• **What to work on**
From the records below, return every line containing the word "smaller".

Dataset entries:
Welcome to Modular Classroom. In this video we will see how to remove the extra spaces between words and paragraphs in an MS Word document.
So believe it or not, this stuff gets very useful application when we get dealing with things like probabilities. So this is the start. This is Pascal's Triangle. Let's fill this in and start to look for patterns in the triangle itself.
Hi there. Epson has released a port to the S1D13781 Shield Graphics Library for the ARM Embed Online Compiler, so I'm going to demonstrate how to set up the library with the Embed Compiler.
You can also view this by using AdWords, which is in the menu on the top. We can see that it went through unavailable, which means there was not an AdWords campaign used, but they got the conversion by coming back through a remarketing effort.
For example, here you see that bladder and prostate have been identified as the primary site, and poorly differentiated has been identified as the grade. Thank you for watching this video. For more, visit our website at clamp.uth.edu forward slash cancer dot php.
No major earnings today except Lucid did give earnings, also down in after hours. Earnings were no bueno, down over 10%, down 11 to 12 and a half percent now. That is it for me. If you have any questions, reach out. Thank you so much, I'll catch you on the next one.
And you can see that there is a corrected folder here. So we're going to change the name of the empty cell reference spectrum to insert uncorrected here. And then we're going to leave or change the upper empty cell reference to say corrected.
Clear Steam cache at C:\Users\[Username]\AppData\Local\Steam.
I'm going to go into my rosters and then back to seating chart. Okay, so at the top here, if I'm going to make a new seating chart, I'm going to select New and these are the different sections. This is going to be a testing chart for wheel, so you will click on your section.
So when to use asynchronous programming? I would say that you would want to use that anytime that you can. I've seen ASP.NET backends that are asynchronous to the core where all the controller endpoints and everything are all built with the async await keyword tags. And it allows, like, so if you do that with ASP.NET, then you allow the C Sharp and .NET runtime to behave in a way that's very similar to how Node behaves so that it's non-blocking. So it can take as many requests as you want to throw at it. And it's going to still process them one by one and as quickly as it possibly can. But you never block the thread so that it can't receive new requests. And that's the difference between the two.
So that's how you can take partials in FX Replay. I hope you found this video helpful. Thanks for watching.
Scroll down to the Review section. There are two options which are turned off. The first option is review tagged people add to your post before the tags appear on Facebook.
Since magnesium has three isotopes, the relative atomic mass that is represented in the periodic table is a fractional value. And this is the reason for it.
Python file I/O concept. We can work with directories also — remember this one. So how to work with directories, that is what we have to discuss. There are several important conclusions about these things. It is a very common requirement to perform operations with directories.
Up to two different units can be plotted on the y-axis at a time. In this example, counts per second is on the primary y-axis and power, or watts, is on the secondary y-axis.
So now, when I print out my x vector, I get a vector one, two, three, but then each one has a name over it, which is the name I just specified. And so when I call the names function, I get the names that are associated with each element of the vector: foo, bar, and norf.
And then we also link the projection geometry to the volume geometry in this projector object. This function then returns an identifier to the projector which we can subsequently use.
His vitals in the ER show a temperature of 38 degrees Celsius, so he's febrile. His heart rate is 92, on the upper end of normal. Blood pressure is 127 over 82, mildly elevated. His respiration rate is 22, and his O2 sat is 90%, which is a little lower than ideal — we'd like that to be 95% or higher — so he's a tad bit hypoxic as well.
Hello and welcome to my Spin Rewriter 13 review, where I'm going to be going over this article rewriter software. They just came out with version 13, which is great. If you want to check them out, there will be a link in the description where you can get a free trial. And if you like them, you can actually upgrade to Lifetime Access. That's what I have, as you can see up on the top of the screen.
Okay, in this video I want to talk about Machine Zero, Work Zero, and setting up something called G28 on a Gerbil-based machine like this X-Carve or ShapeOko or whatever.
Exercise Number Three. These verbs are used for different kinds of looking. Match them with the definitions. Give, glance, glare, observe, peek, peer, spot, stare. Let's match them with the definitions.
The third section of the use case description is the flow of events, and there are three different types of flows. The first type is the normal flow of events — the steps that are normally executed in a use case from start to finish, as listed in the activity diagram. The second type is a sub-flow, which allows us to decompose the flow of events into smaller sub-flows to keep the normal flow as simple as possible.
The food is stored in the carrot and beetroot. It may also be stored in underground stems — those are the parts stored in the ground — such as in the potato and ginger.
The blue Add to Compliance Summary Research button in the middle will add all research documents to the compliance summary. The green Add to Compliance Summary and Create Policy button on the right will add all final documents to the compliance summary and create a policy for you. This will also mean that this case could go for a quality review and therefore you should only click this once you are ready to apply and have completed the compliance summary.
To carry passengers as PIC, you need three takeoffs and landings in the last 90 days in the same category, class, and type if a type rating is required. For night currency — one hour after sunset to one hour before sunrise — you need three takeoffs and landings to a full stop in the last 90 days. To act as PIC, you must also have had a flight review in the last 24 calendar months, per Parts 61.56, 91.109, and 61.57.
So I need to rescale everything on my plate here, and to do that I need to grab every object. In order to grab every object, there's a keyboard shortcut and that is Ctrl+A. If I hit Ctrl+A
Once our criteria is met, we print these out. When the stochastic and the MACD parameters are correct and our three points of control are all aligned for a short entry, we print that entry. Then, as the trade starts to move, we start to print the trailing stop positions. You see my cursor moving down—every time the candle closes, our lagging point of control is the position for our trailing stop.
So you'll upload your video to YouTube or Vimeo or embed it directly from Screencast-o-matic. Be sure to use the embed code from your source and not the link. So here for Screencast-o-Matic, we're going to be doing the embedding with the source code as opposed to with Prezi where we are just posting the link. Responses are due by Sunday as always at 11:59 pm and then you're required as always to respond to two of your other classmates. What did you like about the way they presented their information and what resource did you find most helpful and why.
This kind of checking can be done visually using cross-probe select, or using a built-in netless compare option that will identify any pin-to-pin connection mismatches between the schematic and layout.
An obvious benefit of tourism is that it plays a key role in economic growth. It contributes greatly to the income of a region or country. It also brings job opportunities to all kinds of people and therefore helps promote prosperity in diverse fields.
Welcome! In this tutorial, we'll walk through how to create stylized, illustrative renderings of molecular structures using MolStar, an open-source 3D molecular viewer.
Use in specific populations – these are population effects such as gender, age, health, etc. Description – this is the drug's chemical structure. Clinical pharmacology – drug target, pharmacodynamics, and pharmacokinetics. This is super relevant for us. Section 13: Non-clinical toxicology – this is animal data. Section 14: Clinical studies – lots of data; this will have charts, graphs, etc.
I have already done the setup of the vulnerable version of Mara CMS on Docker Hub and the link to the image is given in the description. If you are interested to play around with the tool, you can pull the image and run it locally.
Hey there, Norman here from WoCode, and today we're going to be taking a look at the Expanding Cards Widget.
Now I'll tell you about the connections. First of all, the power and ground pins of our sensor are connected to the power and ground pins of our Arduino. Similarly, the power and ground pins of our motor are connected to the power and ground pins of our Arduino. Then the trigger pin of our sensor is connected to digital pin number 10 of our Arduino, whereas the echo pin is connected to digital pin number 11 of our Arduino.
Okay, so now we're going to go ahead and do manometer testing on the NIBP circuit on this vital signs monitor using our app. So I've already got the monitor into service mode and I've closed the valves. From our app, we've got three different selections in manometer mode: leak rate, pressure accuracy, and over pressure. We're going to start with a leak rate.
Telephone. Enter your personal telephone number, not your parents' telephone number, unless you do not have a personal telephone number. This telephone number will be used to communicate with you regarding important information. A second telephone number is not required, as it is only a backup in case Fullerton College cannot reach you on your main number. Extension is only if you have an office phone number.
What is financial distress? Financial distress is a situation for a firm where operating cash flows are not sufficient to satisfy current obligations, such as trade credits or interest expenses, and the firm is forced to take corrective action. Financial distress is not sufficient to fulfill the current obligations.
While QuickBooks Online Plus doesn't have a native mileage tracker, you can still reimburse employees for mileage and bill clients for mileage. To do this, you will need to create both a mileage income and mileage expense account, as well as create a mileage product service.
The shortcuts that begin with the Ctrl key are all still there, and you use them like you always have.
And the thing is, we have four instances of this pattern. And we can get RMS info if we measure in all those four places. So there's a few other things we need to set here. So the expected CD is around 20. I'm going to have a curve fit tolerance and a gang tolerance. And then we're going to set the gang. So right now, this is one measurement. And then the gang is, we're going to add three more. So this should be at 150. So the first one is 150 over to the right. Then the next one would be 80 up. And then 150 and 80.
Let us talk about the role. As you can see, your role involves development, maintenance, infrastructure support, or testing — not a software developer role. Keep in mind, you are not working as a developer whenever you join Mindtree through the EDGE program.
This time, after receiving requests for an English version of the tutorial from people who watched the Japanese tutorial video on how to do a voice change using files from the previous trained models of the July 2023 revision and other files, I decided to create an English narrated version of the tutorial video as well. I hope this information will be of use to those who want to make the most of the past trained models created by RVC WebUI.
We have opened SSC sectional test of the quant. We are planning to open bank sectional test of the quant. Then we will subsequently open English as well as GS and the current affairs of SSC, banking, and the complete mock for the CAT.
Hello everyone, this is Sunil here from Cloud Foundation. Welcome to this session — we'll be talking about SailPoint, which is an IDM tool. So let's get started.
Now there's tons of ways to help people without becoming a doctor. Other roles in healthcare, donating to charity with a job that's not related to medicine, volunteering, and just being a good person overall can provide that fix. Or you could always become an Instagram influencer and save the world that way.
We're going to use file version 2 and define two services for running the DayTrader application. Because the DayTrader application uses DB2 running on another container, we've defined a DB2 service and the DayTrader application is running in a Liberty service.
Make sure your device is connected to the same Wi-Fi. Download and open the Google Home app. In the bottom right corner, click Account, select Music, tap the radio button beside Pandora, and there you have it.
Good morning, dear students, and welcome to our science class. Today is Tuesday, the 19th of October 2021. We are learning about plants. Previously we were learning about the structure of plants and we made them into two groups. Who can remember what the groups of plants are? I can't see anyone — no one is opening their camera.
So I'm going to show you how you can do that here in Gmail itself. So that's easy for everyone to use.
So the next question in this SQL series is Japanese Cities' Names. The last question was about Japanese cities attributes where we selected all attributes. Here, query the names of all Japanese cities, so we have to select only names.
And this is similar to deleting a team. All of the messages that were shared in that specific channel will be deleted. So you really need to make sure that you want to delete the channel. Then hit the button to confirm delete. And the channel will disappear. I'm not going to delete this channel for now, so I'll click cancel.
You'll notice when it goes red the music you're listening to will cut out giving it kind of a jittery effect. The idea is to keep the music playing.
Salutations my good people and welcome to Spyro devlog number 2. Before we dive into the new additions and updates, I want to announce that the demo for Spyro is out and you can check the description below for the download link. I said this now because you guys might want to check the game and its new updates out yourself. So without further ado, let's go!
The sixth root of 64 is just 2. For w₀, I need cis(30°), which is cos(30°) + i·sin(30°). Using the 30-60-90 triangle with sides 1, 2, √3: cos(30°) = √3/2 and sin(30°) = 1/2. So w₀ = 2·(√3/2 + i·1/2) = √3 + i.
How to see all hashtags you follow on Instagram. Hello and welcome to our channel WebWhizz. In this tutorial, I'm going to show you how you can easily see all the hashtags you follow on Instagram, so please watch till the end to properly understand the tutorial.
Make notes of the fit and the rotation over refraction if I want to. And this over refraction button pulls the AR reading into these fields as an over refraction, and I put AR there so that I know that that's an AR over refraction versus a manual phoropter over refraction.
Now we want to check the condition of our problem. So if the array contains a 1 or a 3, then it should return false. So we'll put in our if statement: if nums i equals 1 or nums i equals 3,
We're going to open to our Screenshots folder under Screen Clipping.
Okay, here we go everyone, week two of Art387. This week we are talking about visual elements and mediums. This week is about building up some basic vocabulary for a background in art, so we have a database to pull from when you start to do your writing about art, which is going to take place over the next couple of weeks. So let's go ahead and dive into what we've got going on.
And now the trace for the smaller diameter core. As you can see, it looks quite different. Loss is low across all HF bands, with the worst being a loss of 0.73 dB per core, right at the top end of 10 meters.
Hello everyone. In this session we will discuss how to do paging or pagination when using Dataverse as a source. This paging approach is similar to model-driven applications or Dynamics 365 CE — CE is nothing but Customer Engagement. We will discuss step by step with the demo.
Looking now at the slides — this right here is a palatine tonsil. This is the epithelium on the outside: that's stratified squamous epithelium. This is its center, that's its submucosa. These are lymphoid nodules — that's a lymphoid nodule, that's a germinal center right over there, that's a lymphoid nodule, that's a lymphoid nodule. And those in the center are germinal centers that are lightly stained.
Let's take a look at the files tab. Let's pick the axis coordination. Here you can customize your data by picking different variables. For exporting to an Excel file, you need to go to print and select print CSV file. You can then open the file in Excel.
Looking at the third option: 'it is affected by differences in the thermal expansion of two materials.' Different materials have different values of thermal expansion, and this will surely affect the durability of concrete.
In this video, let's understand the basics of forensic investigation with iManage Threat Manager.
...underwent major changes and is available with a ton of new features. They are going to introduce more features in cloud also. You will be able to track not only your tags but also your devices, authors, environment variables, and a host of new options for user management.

• **Result of this task**
The third section of the use case description is the flow of events, and there are three different types of flows. The first type is the normal flow of events — the steps that are normally executed in a use case from start to finish, as listed in the activity diagram. The second type is a sub-flow, which allows us to decompose the flow of events into smaller sub-flows to keep the normal flow as simple as possible.
And now the trace for the smaller diameter core. As you can see, it looks quite different. Loss is low across all HF bands, with the worst being a loss of 0.73 dB per core, right at the top end of 10 meters.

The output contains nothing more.